When I think about the best Christmas gift I received as a kid, I immediately go back to the year I received my blue Schwinn ‘banana’ bike when I was nine years old. I realize now that it must’ve been the last Christmas my family had together before my parent’s divorced.
On that Christmas morning after the presents under the tree were all unwrapped, our parents directed us downstairs for a surprise. As I entered the den, all I could see was the new ping pong table that was in the center of the room. I didn’t even notice the new banana bike standing up on its kick-stand in the corner. My parents had to point me in the direction of the bike. Our Christmases were never extravagant, but I think this one was meant to be memorable for us as I suspect that the divorce may have been in the works.
That bike was my constant companion for several years. It was the only real bike I ever had. I never got a ten speed or some such fancy bike when I entered puberty. My mother didn’t have money for things like that. I had to be content with that two-speed bike with the normal pedal brakes—no handlebar brakes for me. It wasn’t until I bought myself a bike at a garage sale a few years ago as an adult that I actually had a bike with more than two gears.
In today’s age of electronic games and gizmos, it is really hard to find a gift that has the ability to bring such vivid memories. Today’s electronic devices become outdated within months sending us into our quest for the newest version or some type of upgrade. That is why cell phone companies are so geared to their consumers signing up for long term contracts. They want to sway us from leaving and hopefully create some brand loyalty.
Well, Christmas is over and my kids did score some of those electronic gadgets this year—a new Windows phone, ipod Touch, Nook and video games.

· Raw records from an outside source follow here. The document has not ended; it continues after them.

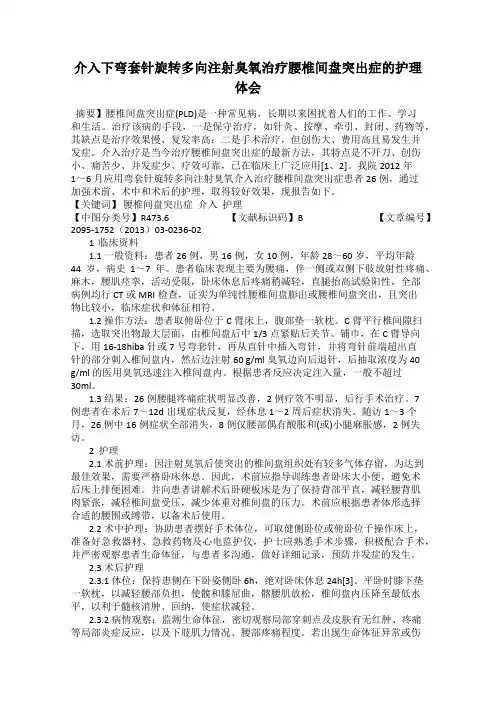 介入下弯套针旋转多向注射臭氧治疗腰椎间盘突出症的护理体会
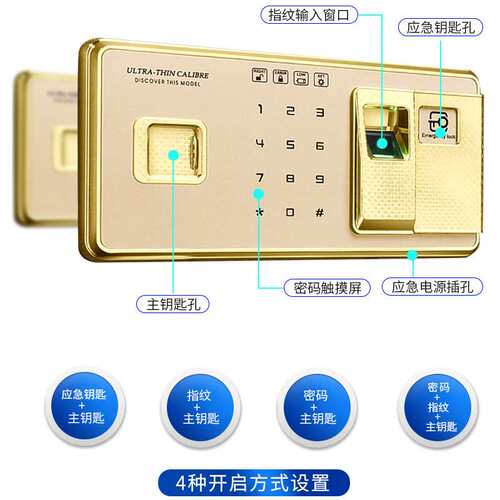 安锁指纹密码保险柜60CM家用办公保险柜全钢保险柜保管柜入墙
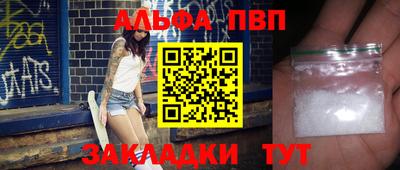 mdpv Кимры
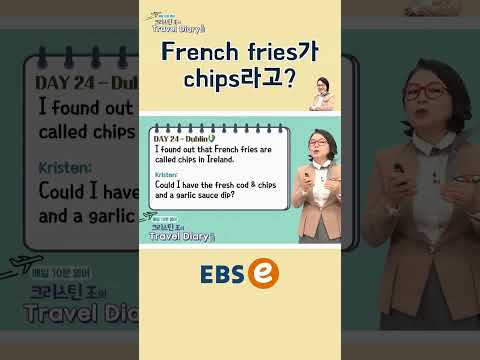 [#Shorts] Day <strong>24</strong>. Dublin(<strong>Leo</strong> Burdock&amp;#39;s Fish and Chips) #024_2 I #기초 영어 #기초 영어회화 # 초보 영어 #원본은 고정댓글 확인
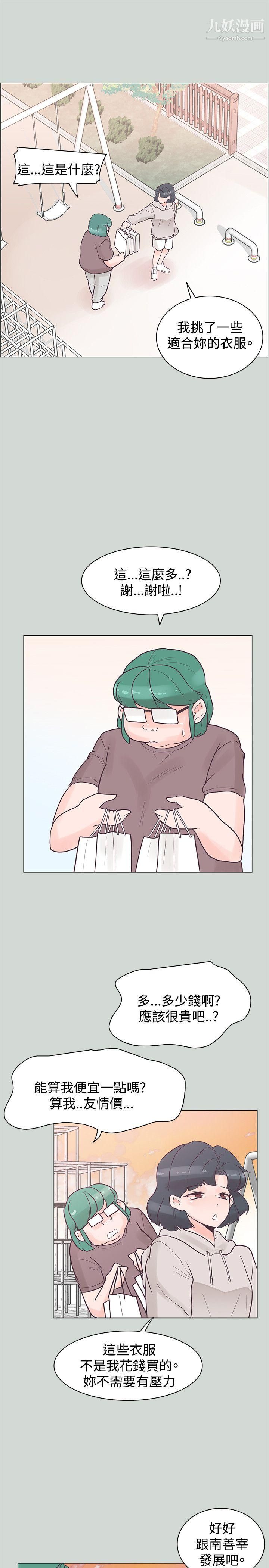 追杀金城武第32话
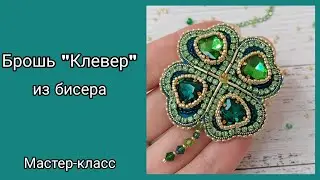 Брошь Клевер из бисера своими руками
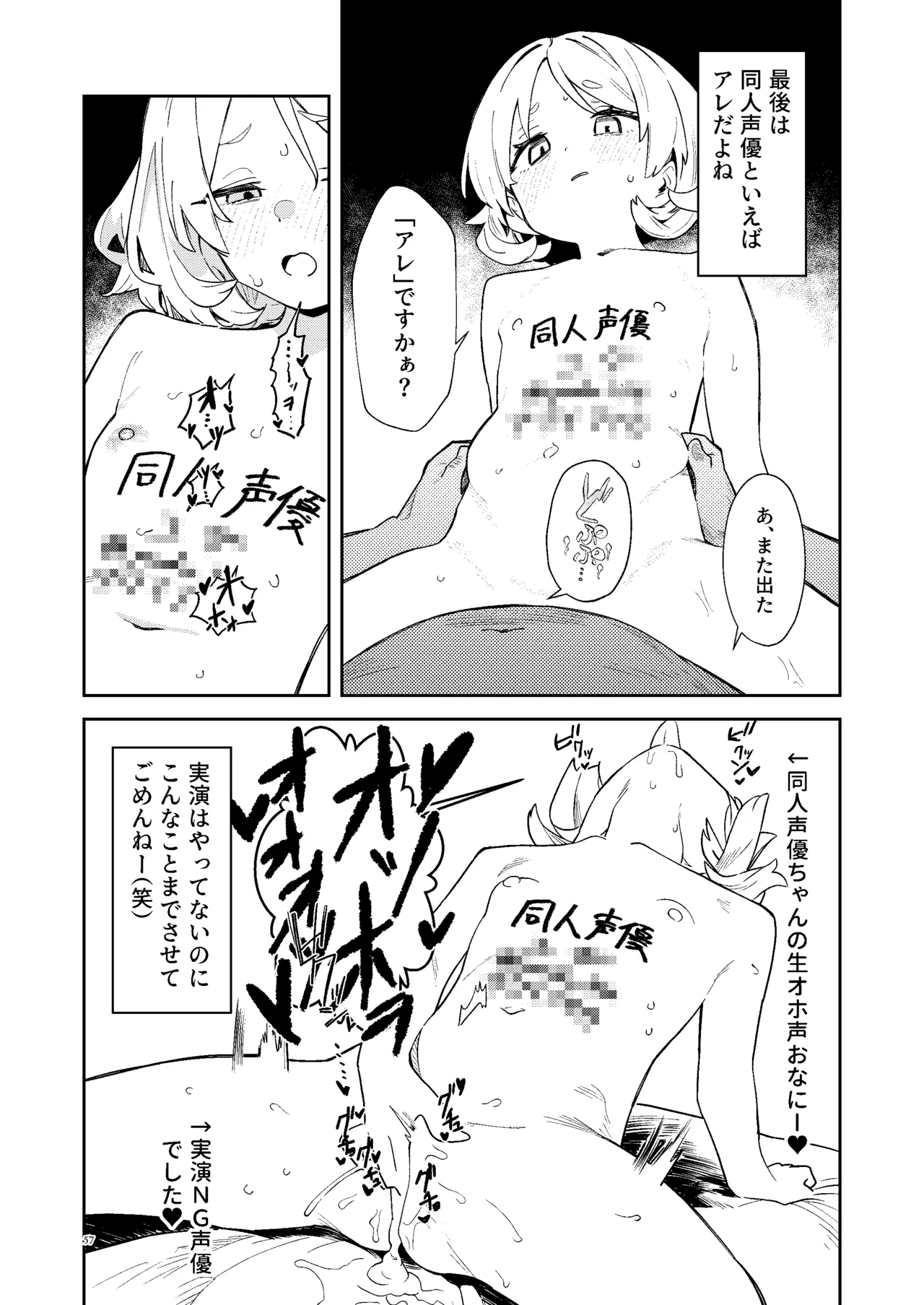 女絵師 + ノンフィクションレポ漫画まとめ 2025-2026上半期 Page.54
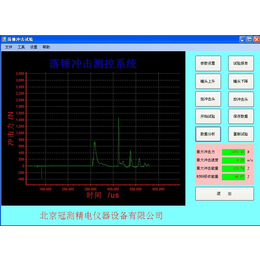 冠测精电(多图)-塑料管材落锤冲击试验机操作方法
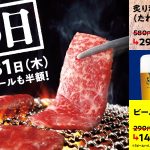 【焼肉の和民】「炙り和牛カルビ」も「ビール」も「ハイボール」も通常価格の半額で‼年に一度の「焼肉の日」だから焼肉でカンパイ‼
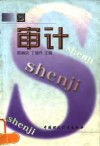 审计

I, on the other hand, didn’t get any electronic gadgets. I got some gifts that told me that my family was listening to my heart over the last year. They knew exactly what I wanted—an airline ticket to Spain. While I didn’t get that, one of my sons pointed out to me that I got a virtual trip to Spain. I received a travel guide for Spain, a book to learn Spanish and a large suitcase for the trip. It’s just a matter of time before that trip becomes a reality. Until then I have my work cut out for me, learning Spanish and writing the story that has made Spain such an important part of my life this year.
While I’m hoping that my family’s Christmas gifts give them joy and happy memories beyond the next year, I know that my gifts will because they are an investment in a gift that is future dated. Their gifts give me hope for that trip. It helps me to focus on that goal and builds up the excitement and anticipation for what is yet to come. Maybe that is what my parents wanted too—with that bike—to give me some hope or at least some temporary joy in the midst of the life-shattering reality that was to come.
Receiving these gifts of hope from my family, reminds me of what God gave us when He sent His Son. It wasn’t a gift wrapped up under a Christmas tree. It was wrapped in swaddling clothes in a manger. When I focus on that gift and not my present circumstances, I’m able to get through the rough times. It is a gift of hope. I'll take that kind of gift any day.